A board of directors, authorized to conduct the affairs of the company, may empower the President and Cashier to borrow money, but the President, under an authority thus conferred upon the Cashier and himself cannot borrow money. [Ridgway v. Farmers’ Bank of B. Co. 12 Serg. & R. Rep. 256.] It has been held that the President has not, ex offcio, authority to transfer the property or securities of a Bank; but must have express authority to that effect, from the corporation at large, or the directors, as the case may be. [Hallowell & A. Bank v. Hamlin, et al. 14 Mass. Rep. 180; Hartford Bank v. Barry, 17 Id. 97.] Nor can the President or Cashier charge a bank with any special liability, for a deposite contrary to its usage, without the previous authority or subsequent assent of the corporation. [Foster, et al. v. Essex Bank, 17 Mass. Rep. 505.] In Fleckner v. The United States Bank, swpra, it was said that the Cashier is the executive officer, through Whom, and by whom, the whole monied operations of the Bank, in paying or receiving debts, or discharging or transferring securities, are to be conducted. The inducements to a transfer by the Cashier, need not appear; but the Courts will presume the transfer to have been properly made by the Cashier, in the absence of proof to the contrary. This presumption however is not conclusive, but may be impeached. [Everett, et al. v. United States, 6 Porter’s Rep. 166.] Again; the Cashier of a bank has a general authority to suspend the collection of notes under protest, and to make such arrangements as may facilitate that object, and to do any thing in relation thereto that an attorney might lawfully do. [Bank of Penn. v. Reed, 1 Watts’ Rep. 101.] But an agreement by the President and Cashier of a Bank, that an indorser shall not be liable on his indorsement, is not binding on the Bank. [Bank of U. S. v. Dana, 6 Peters’ Rep. 51; Bank of Metropolis v. Jones, 8 Id. 16.] We have made these citations to show that the Cashier is the executive officer of the Bank, and that his acts, if apparently within the regular course of business, in respect to the collection of its debts, will be presumed to be within the scope of his official authority, until the contrary is shown.

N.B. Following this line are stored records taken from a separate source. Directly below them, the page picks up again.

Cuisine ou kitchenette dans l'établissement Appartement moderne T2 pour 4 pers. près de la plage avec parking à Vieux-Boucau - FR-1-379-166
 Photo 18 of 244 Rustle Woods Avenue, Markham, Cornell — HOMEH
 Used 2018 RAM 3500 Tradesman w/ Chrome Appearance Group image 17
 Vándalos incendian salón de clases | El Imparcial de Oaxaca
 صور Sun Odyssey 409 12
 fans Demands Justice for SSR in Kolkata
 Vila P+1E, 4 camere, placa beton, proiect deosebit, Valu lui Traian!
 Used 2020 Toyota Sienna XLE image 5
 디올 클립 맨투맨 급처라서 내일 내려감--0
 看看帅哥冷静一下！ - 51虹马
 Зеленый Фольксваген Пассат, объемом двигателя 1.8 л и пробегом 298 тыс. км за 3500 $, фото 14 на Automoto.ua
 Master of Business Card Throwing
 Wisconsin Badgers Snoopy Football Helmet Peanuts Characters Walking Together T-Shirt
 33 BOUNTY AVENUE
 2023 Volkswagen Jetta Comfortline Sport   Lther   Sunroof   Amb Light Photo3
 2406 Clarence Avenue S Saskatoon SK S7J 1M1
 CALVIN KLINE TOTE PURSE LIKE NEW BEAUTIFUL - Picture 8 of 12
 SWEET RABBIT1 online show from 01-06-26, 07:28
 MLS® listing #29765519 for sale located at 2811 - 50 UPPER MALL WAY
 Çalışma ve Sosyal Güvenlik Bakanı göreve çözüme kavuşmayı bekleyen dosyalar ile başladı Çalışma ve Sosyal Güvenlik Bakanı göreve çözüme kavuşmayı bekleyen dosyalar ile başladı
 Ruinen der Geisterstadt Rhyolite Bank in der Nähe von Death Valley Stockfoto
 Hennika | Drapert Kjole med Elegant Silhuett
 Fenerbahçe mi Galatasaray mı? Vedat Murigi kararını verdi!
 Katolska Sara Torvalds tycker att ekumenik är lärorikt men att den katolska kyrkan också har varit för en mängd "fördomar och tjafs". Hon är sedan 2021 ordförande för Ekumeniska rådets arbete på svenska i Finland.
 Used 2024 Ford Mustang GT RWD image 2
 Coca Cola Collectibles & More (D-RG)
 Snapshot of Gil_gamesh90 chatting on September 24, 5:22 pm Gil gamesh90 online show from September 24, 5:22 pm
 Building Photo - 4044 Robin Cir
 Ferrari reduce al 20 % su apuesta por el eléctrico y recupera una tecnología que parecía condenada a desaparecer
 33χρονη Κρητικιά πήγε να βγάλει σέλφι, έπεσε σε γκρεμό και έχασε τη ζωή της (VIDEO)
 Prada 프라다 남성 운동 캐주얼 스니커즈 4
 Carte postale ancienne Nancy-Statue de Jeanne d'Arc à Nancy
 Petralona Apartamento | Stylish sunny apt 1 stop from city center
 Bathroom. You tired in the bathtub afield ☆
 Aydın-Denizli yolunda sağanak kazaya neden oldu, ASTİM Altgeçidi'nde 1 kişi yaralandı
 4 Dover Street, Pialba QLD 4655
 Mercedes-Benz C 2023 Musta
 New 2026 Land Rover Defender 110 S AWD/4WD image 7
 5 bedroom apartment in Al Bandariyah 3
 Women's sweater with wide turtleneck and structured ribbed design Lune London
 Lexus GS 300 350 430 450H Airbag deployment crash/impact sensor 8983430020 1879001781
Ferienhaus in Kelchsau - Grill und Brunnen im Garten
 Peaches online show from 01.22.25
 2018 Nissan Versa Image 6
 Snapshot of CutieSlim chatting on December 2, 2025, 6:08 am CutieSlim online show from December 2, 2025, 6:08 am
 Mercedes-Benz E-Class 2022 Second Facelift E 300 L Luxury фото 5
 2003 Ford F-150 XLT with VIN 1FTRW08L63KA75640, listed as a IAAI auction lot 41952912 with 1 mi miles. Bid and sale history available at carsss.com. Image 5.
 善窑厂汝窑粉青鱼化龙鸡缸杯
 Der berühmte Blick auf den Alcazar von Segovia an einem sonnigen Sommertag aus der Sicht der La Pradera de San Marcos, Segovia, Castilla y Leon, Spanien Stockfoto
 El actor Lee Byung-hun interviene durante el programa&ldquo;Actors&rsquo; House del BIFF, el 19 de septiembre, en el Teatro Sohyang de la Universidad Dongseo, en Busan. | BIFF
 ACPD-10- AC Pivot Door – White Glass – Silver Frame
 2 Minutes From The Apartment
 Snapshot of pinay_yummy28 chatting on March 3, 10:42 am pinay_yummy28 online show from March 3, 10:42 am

*341But such an implication cannot be indulged to sustain the direction by the President to the sheriff of Montgomery, in the present case; for although he is, in connection with the directors, invested with “ the management of the concerns of said Branch Bank,” yet, without their co-operation, he can only act in those cases where the charter confers upon him a sole agency; or where an authority may be deduced from the « doctrines of the common law,” or “ the principles of interpretation.” We have seen that the act of incorporation does not devolve upon the President the duty of expediting or delaying'the collection of the debts due the bank, and such a power is not deducible from any other source. Conceding therefore, that “John Martin,” in his official capacity, ordered the original fieri facias to be returned unsatisfied, the lien which it acquired was not impaired; because the order was unauthorized. The aliasfi. fa. was issued in the vacation which succeeded the term to which it was returnable, and consequently drew to it the lien acquired by the original, so as to overreach and avoid any transfer of the goods of the defendants therein, made in the interval.

This view is decisive to show, that the plaintiff had no right to the goods levied on by the defendant, as against the plaintiff in the execution, if they were in Montgomery county while the original fi.fa. was in the sheriff’s hands. The jury have affirmed that such was the situation of the goods, or that the plaintiff assented to the acceptance by the directors of the bank, of the proposition of Messrs. C. & S.; for upon one of these hypotheses, or both, their verdict must have been found, as they seem to have been the only primary questions of fact referred to the jury. And whether the verdict was influenced by the solution of one or both these questions, no injury could possibly have resulted from the ruling of the Circuit Court. It will then be unnecessary to consider the other questions raised upon the bill of exceptions, as their decision favorable to the plaintiff, would not have entitled him to a verdict. The judgment is therefore affirmed.